このように、地球温暖化とは、ただ地球全体の平均気温を上げて南極の氷を融かすというだけではなく、上述のような異常気象を引き起こすものです。「温暖化」というと干ばつとか砂漠化だけと思っている人も少なくないかもしれませんが、気候変動により、地域によっては水害や冷夏といった、温暖化という言葉とは逆の影響が現れる事も全て含まれます。

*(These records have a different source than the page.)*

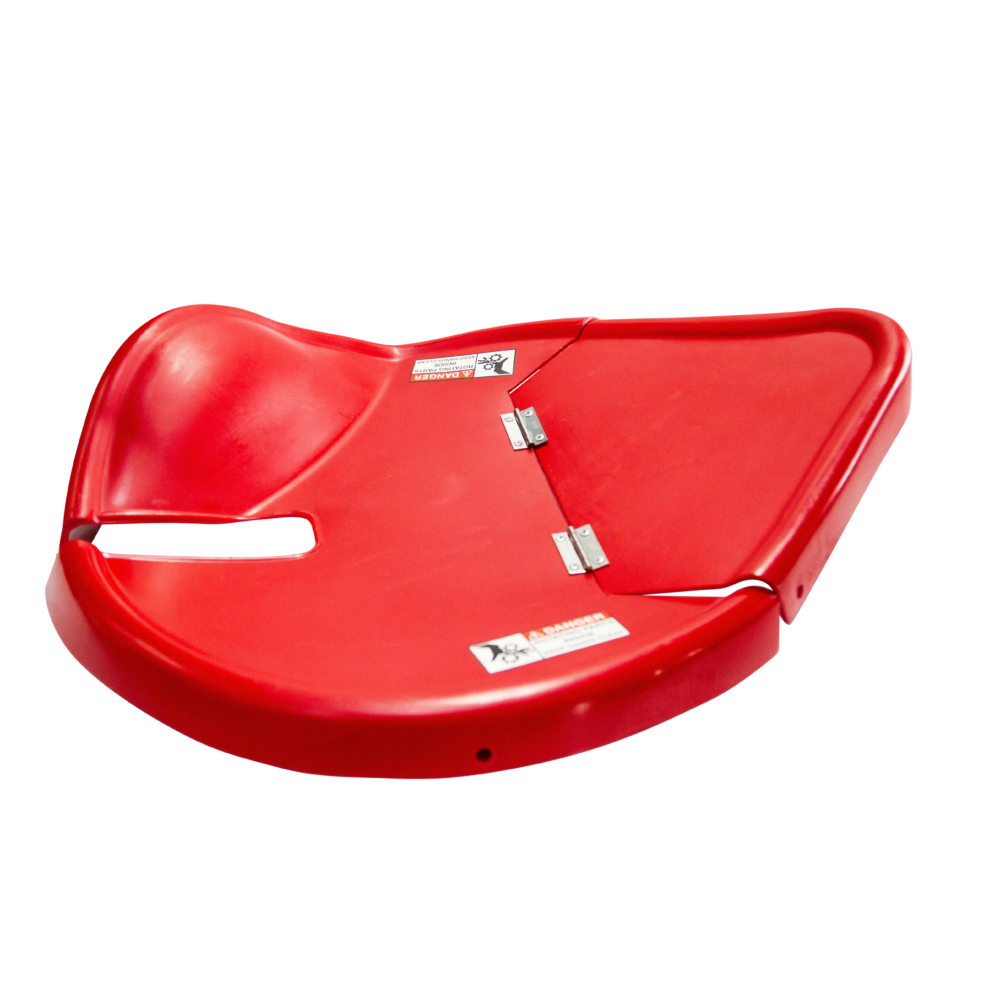 The image showcases a lid designed specifically for the Portamix Mega Hippo and Pelican mixing machines. The lid, prominently displayed against a pristine white background, is vibrant red in color. Its design features a pair of metal hinges, suggesting its functionality to open and close seamlessly. The lid's shape and contour indicate its perfect fit for the mixing machines, ensuring a secure and snug placement. The overall presentation emphasizes the lid's simplicity, functionality, and compatibility with the Portamix range of mixers.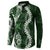 Hawaii Puakenikeni and Maile Lei Button Sweatshirt Green Japanese Wave Style - Polynesian Pride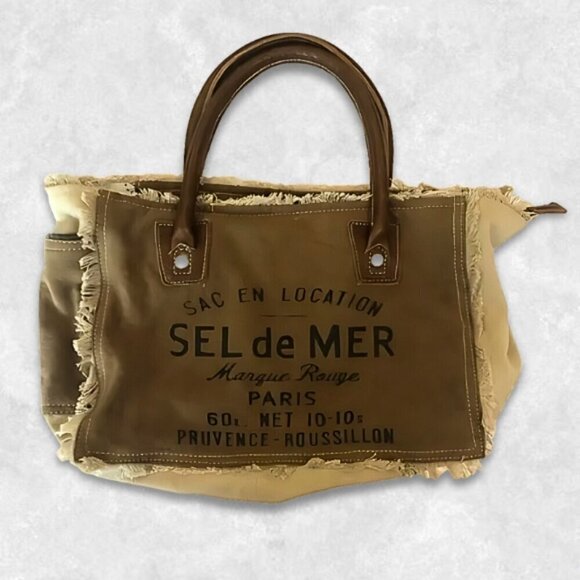 Myra Bag Sel De Mer Tote Bag Canvas Leather Frayed Edges Boho Brown/Cream W OS - Picture 2 of 14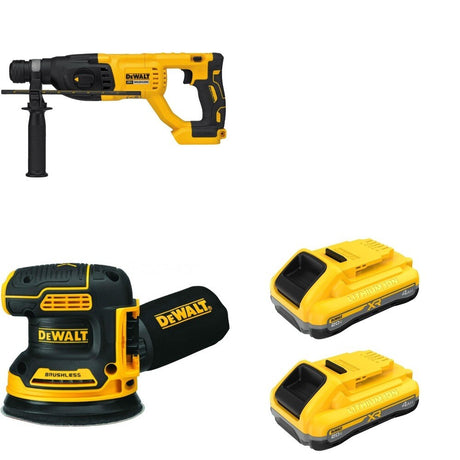 DeWalt DCB2104-2 POWERPACK 4Ah 2-Pack W/ DCH133B D-Handle Rotary Hammer and DCW210B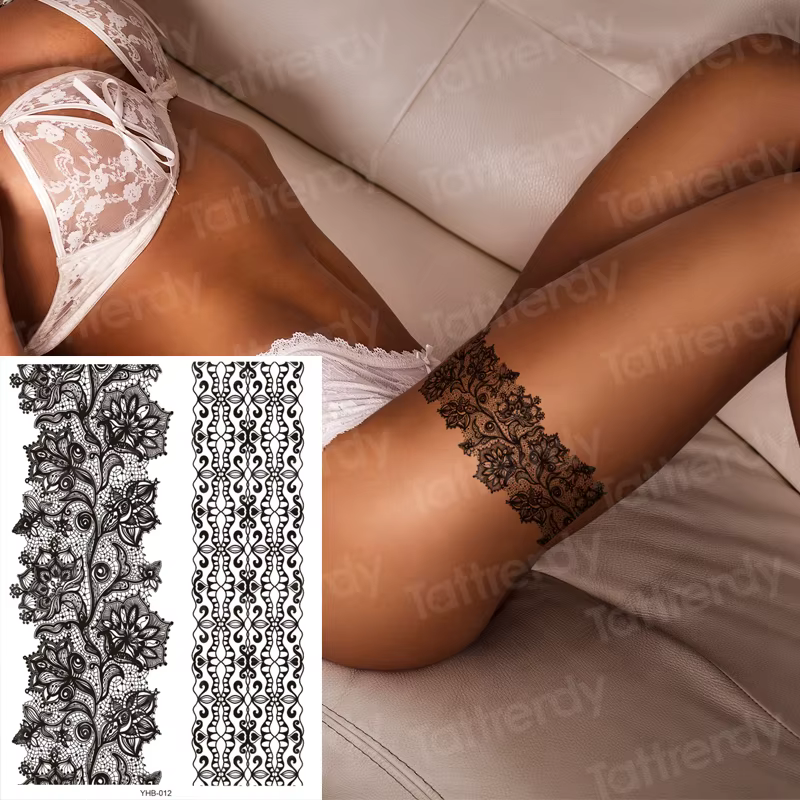 Autocollant de tatouage en dentelle de henné noir pour femmes, collants sexy imperméables, art corpo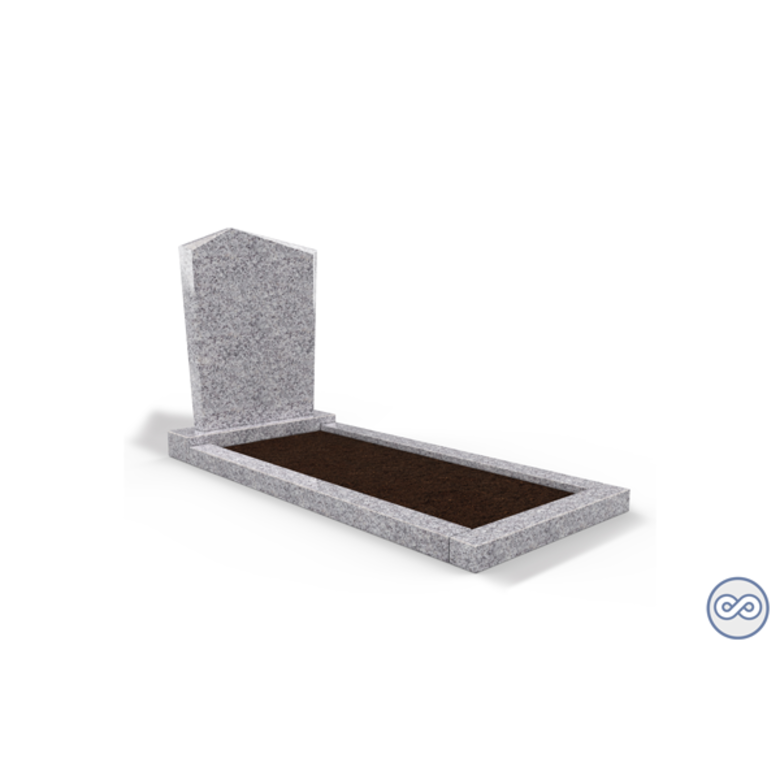 Grafsteenwinkel Staande grafsteen model 'Modern' met omranding en grond in de kleur Glittery White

ただ、これは前述のような、人間の産業活動により発生する二酸化炭素の量と同期しているため通説となってはいますが、それもたかだかここ200年とかの単位の統計でしかなく、地球規模の気候変動は、何百万年も、何億年も前から氷河期と温暖期を絶えず繰り返しながら起こっている事を考えると、人間活動と気候変動を直結するのも、実は短絡的で、人間のある種の驕りではないかとも、個人的には考えています。

もちろん、地球の大気は玉子を地球に例えれば殻の厚さ程度しかなく、わずかな(前述のように、過去も現在も99%は窒素と酸素です。二酸化炭素他、温暖化ガスの増加は0.1%とか0.01%のオーダーでしかありません。)組成の変化によりその微妙なバランスが崩れてもおかしくはないのですが、この統計が地球の悠久の時間の流れの中のごくごく一部(4億年の中の、この200年)でしかない事を考えれば、偶然、小温暖期に向かっている時期と重なっただけかもしれませんし、「異常気象」と言っているのは人間だけで、今起こっている程度の気象の変化や変動は、地球全体の生態系から見てもごく普通の振れ幅でしかない可能性も高いのです。豪雨で川か氾濫しても、そこに人間がいなければ誰も「水害」だなんて言いませんし、全て人間の都合で考えられているような気がしてならないのです。

かといって、どんどん温暖化ガスを吐き出して良いとは思いません。実はそれに伴って排出される有害物質(例えば自動車からのSOx、NOx)や煤塵も大きな問題であり、その方が直接人間や動植物の生体に有害なので、それを抑える方が実は大事だと思っています。そして、化石化燃料に頼った現状の人類の経済活動自体を見直す意味でも、太陽光発電や風力発電、低公害車やハイブリッド自動車のような、所謂「環境にやさしい」製品や、産業構造になる事を、小生は夢見ています。

●ヒートアイランド現象
 次に、この言葉について述べておきましょう。これも近年、新聞、TVで盛んに取り上げられる言葉ですね。特に夏場、都市部の温度(地表温及び気温)が周辺より異常に高くなり、温度分布で見るとまるで「熱の島」のように浮き上がってくる事を、このように呼んでいます。

原因はほぼ明らかになっており、次のようなものです。
(1)土や緑地の代わりにコンクリート、アスファルトの構造物が大半を占め、熱を蓄え易い。
(2)自動車や工場等の熱源が都市部に集中している。
(3)エアコンの普及により都市部でのエネルギー消費が急増している。

この中で特に(3)のエアコンです。自動車が走れば熱を出す、というのは皆さん理解し易いでしょうが、エアコンを使うとなぜ熱くなるのか、ピンと来ない方もいるでしょう。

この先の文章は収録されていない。